Ich hatte einen Riesenspaß mit Elisabeth Rother! Eine Dame – sie „Frau“ zu nennen, würde ihr nicht gerecht – aus der besseren Gesellschaft, sehr katholisch, sehr von sich überzeugt, respektlos gegenüber ihren Mitmenschen, kompromisslos, bigott-gläubig. Wer von ihr geliebt wird, den überzieht sie zwar mit Nörgelei und Kritik, aber sie steht bedingungslos hinter ihm. Sie legt sich mit der Gestapo an, mit Verwandten, den Lehrern ihrer Kinder, sie ist schonungslos mit ihren Urteilen und schätzt nur wenige Leute außerhalb ihrer Familie. Sie ist rassistisch, antisemitisch (trotz ihrer Heirat mit einem Juden) und klassenbewusst. Sogar der eigene Tod bringt sie nicht zum Schweigen.

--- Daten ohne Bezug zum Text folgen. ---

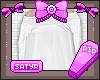White Abby Sweatshirt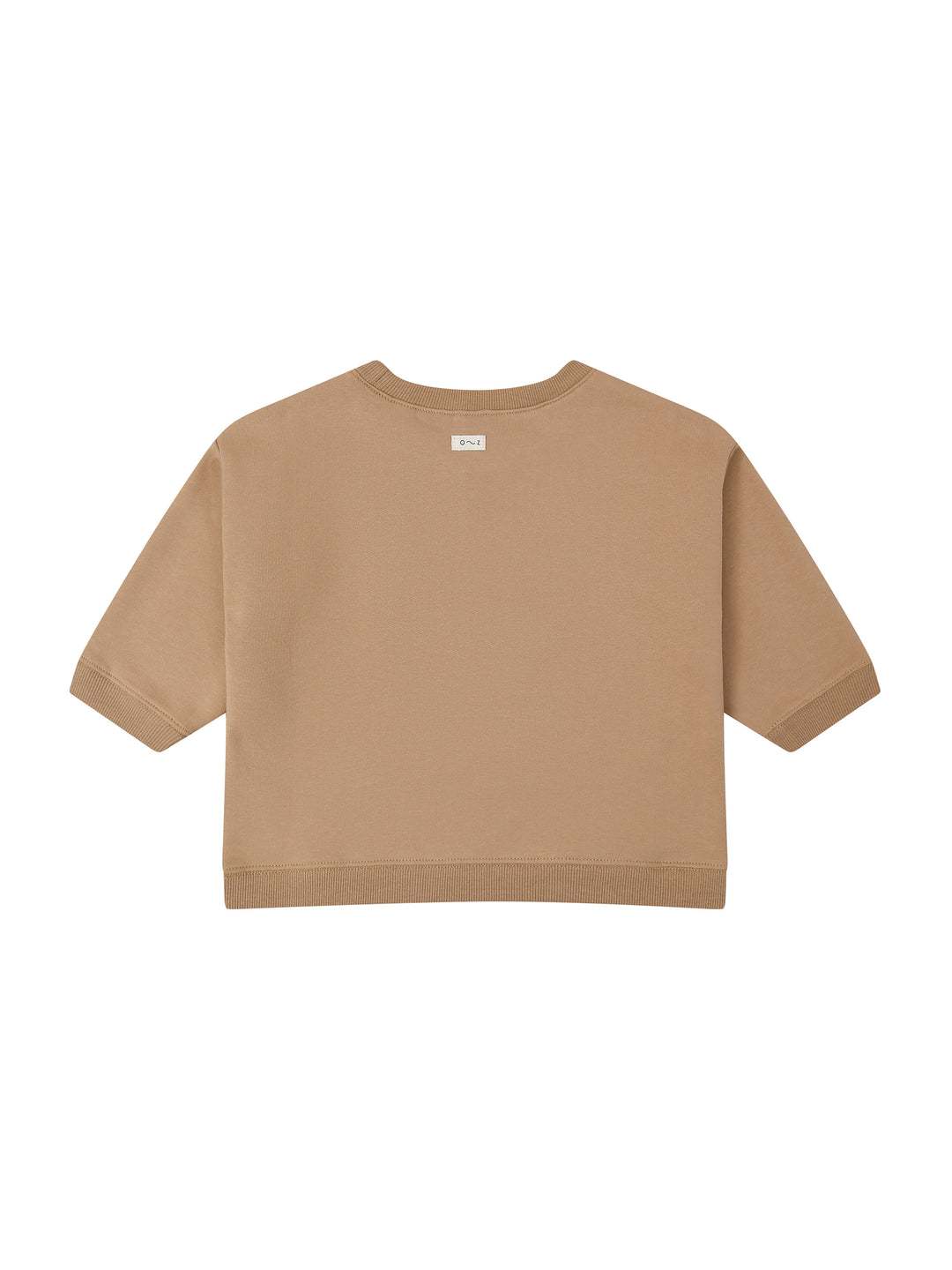 【organic zoo】 Pear Slogan Sweatshirt Pear Slogan Sweatshirt | Organic Zoo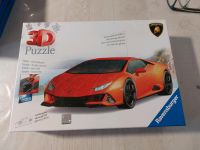 3D Puzzle Lamborghini Mecklenburg-Vorpommern - Siedenbollentin Vorschau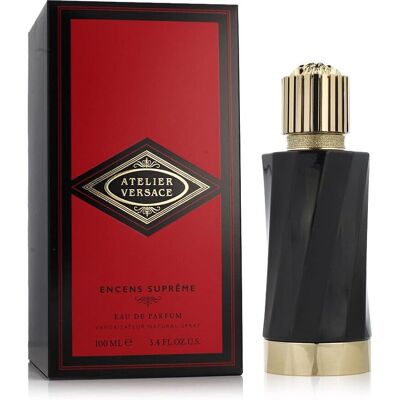 Versace Encens Suprême - Parfum Unisexe 100ml - Publicité Versace Encens Suprême - Parfum Unisexe 100ml - Publicité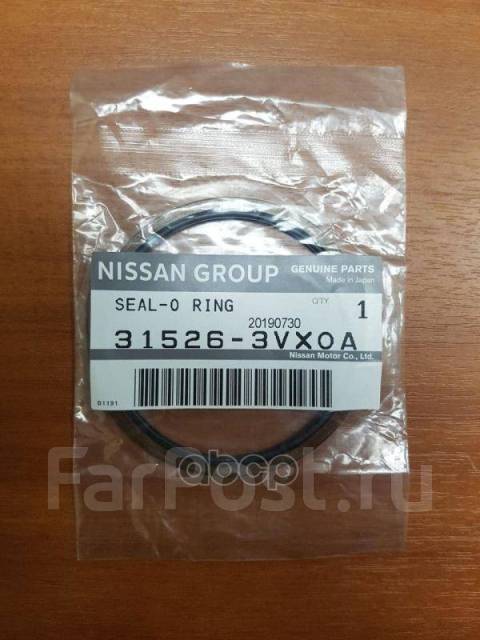Кольцо Фильтра Автомата 31526-3Vx0a Nissan (Original) 31526-3Vx0a ...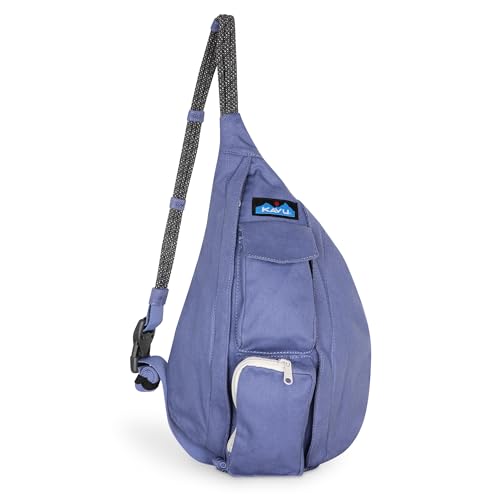 Image of KAVU Mini Rope Bag Cotton Crossbody Sling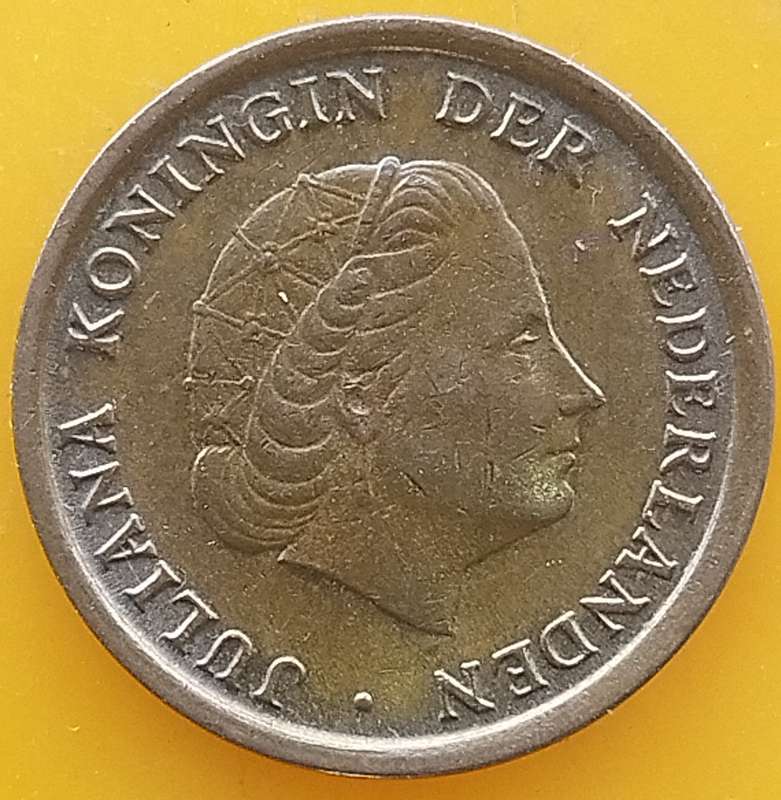 1970       1 Cent      Netherlands          SUN17782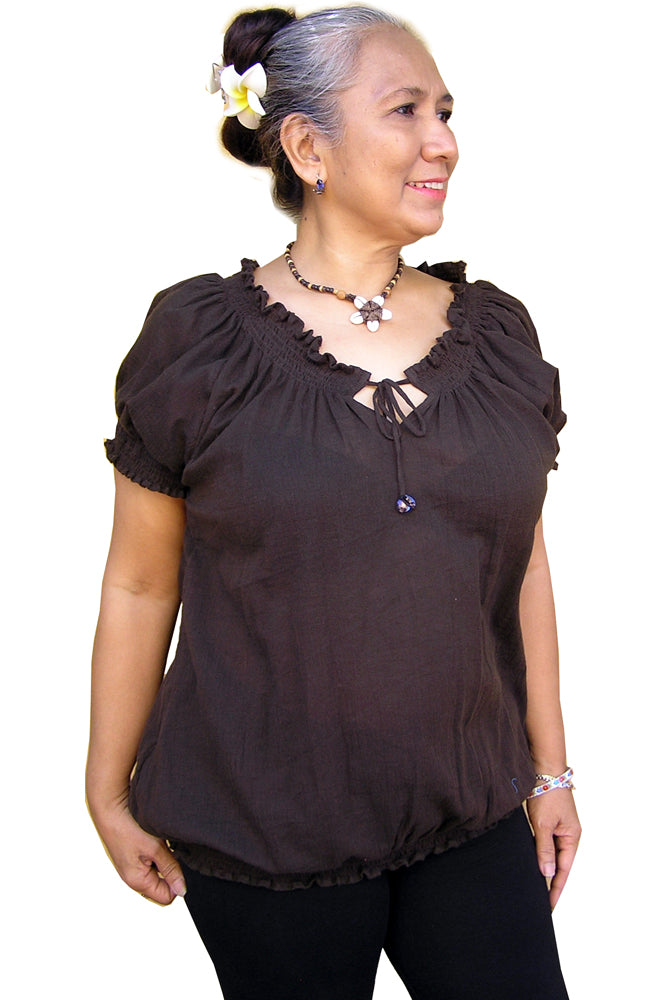Peasant Top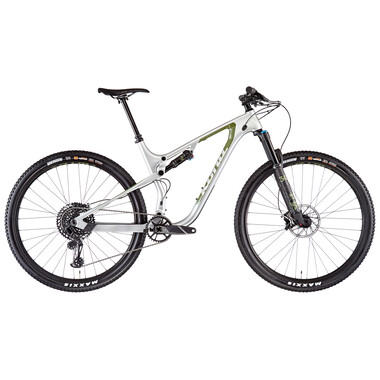Mountain Bike KONA HEI HEI CR 29" Plata 2020 0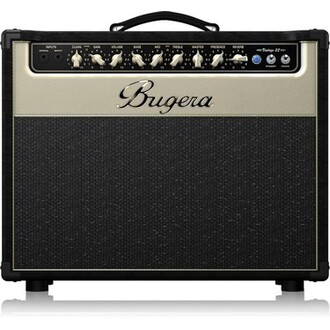 Bugera V22 Vintage 22W Tube Guitar Amplifier Combo 12-Inch Speaker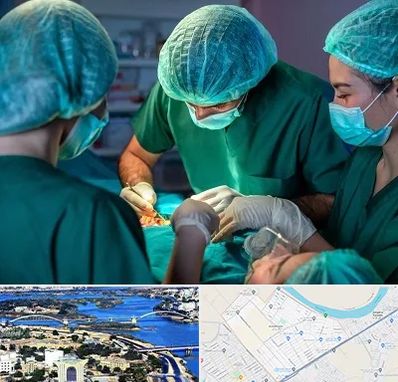 عمل کوچک کردن سینه در کوروش اهواز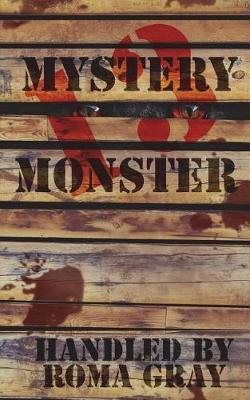 Book cover for Mystery Monster 13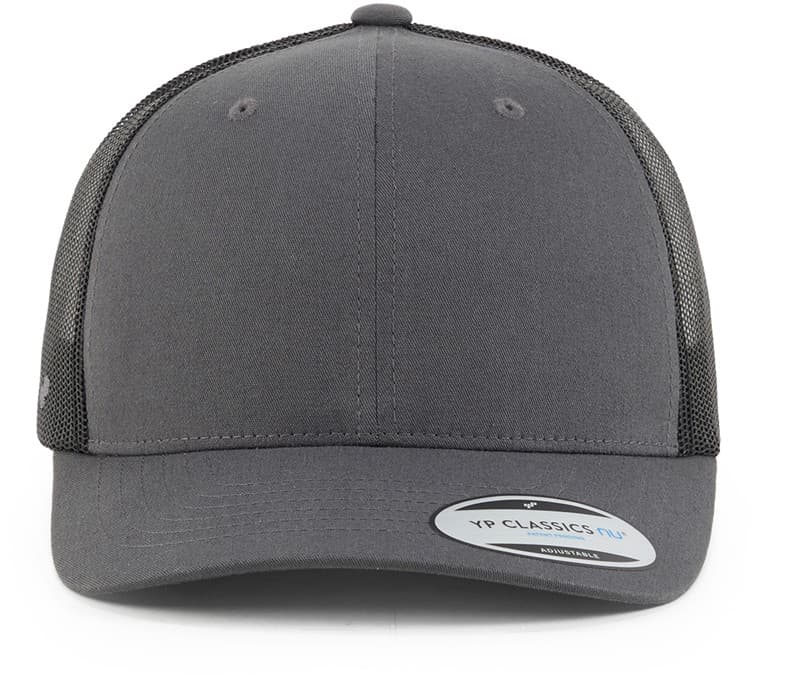Flexfit | 6606TNU – charcoal/black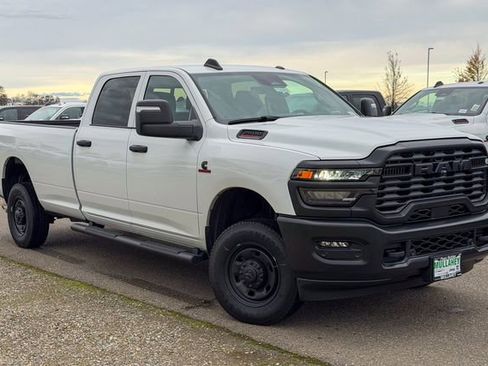 New 2026 RAM 2500 Tradesman image 2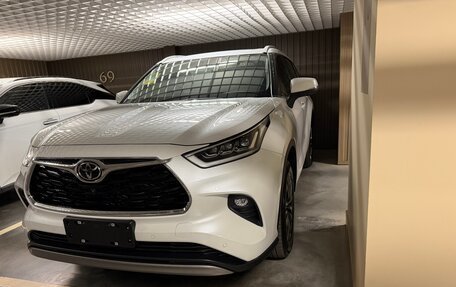 Toyota Highlander, 2026 год, 4 800 000 рублей, 3 фотография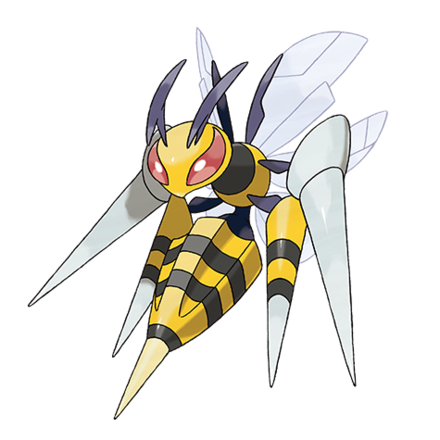 Mega Beedrill Icon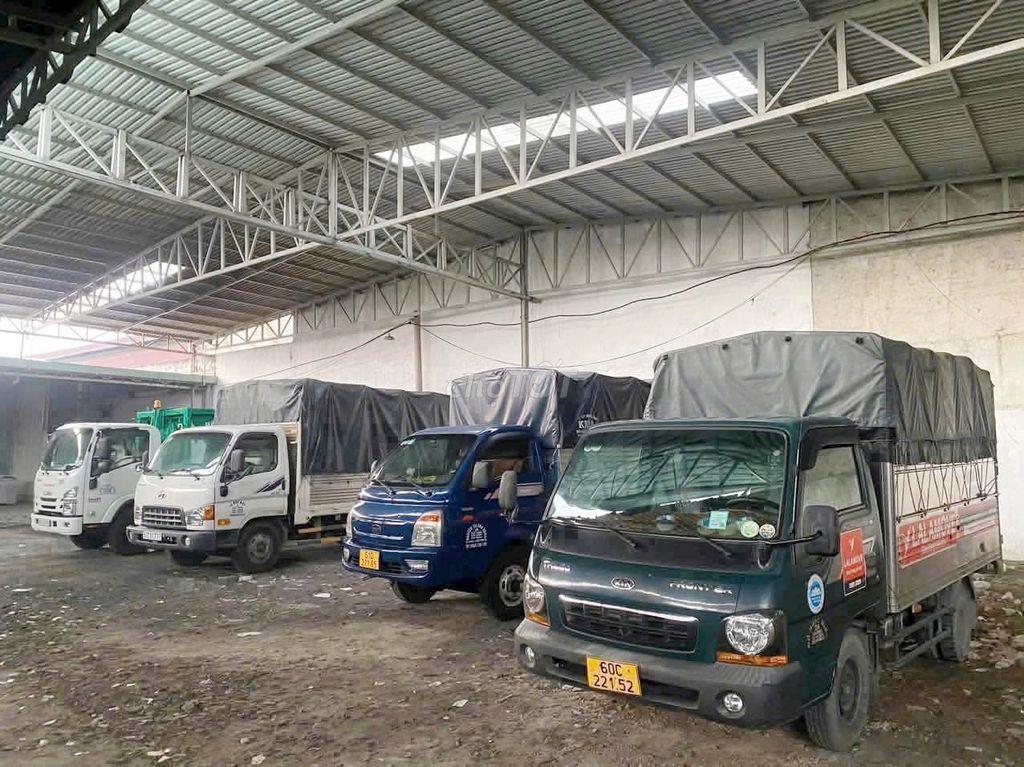 CHO THUÊ KHO XƯỞNG RỘNG 1000M² XÃ THỚI TAM THÔN HÓC MÔN
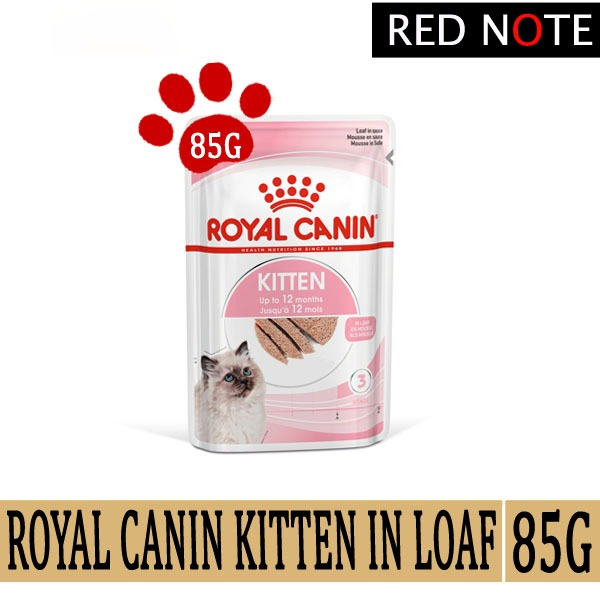 ROYAL CANIN KITTEN IN LOAF 85GR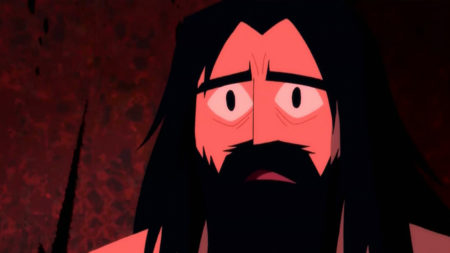 Samurai Jack, 5ª temporada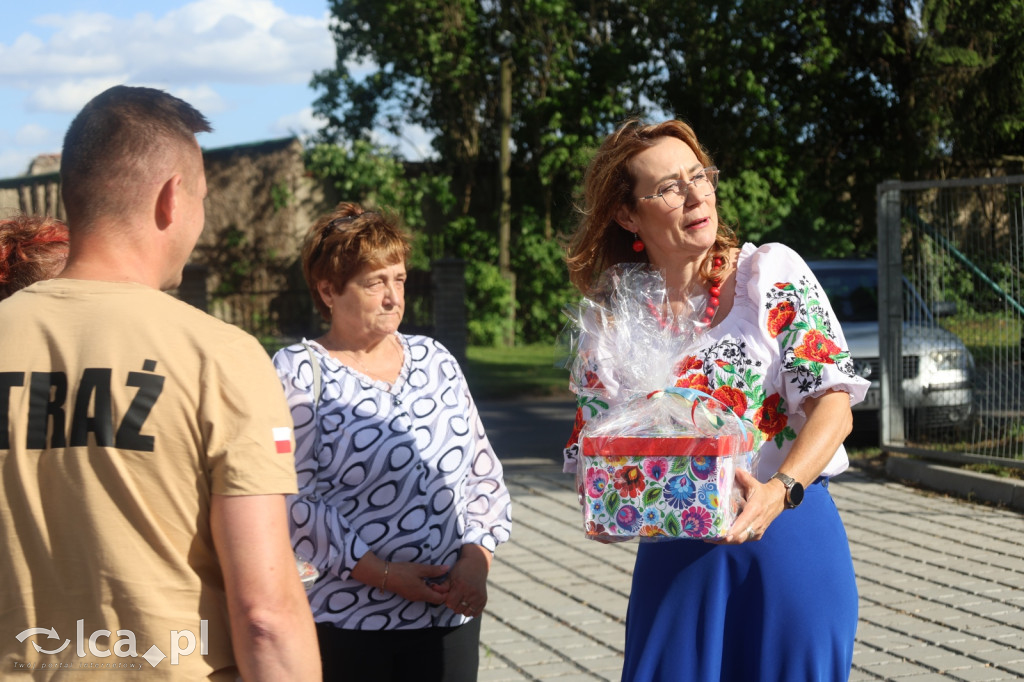 Nowe miejsce dla mieszkańców Nowej Wsi Legnickiej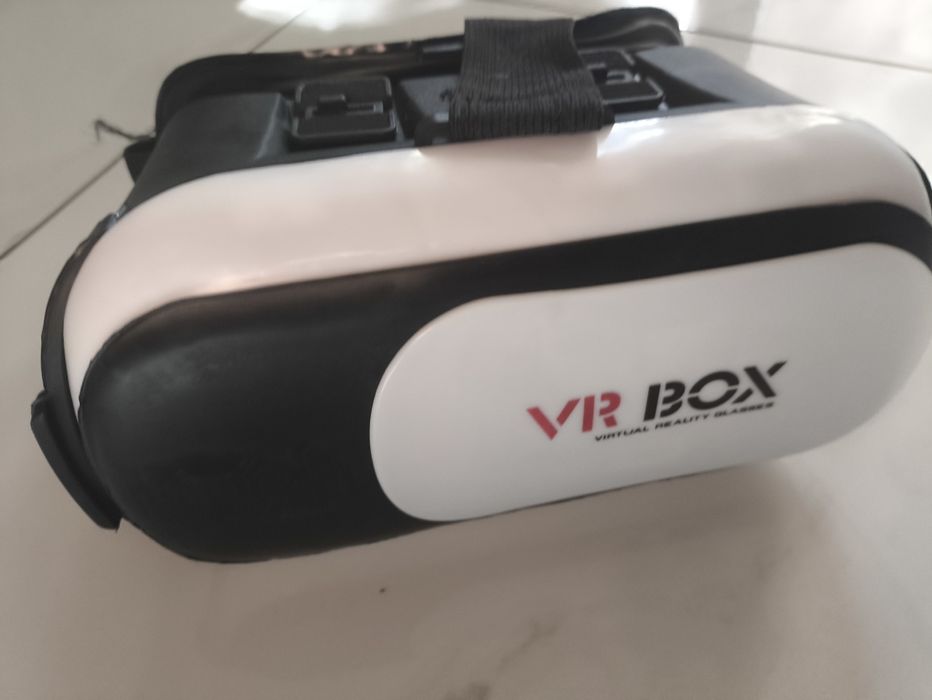 Окуляри віртуальної реальності VR Box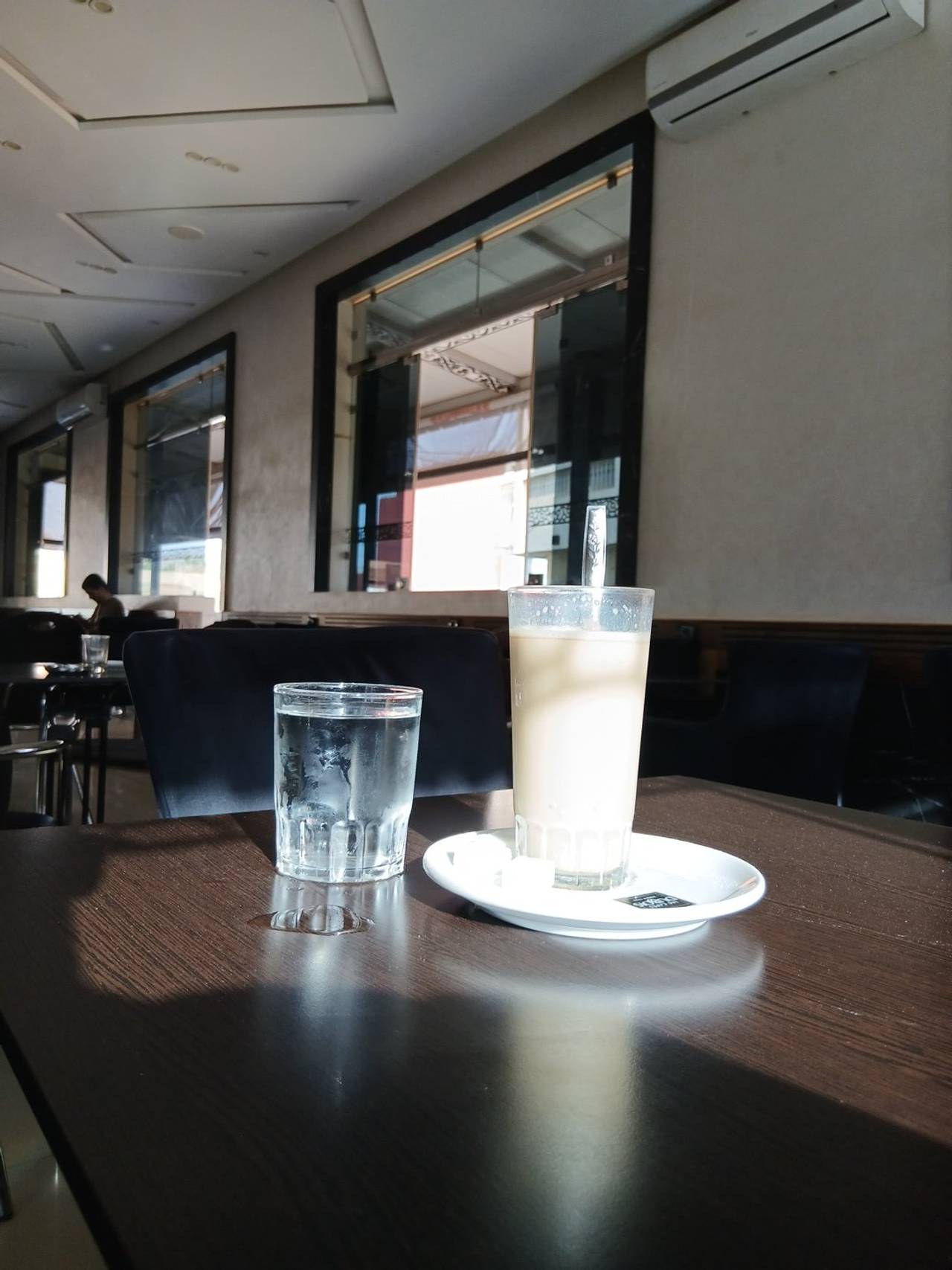 Moroccan Coffee and Water Glass Set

Irene Dische schafft es, ihre Großmutter gleichzeitig übertrieben und authentisch darzustellen. Eigentlich ist Großmama eine, mit der man am liebsten nichts zu tun hätte, zugleich bewundert man ihre Durchsetzungsfähigkeit, ihren Mut und ihren Lebens- und Überlebenswillen. „Tragikomödie“ – selten trifft ein Begriff so gut.
Ich habe mir das Printbuch inzwischen auch gekauft, weil mich natürlich jetzt das gesamte Werk interessiert, obwohl einige Abschnitte schon im Hörbuch Längen enthalten und zwar in den Passagen über Irenes Lehr- und Wanderjahre, also der Zeit, in der Oma in Amerika hockt und auf Nachrichten der Enkelin wartet, wenn also der Blick des Lesers weg von der interessanten alten Dame zur autobiographischen Globetrotterin wandert.
Hannelore Hoger liest, als wäre ihr das Buch auf den Leib geschneidert. Mit Eleganz, Ruhe und Überheblichkeit, dabei distanziert und vermeintlich sachlich. Großartig! Ich habe jede einzelne Minute der 606 genossen und bedauert, dass es irgendwann zu Ende war.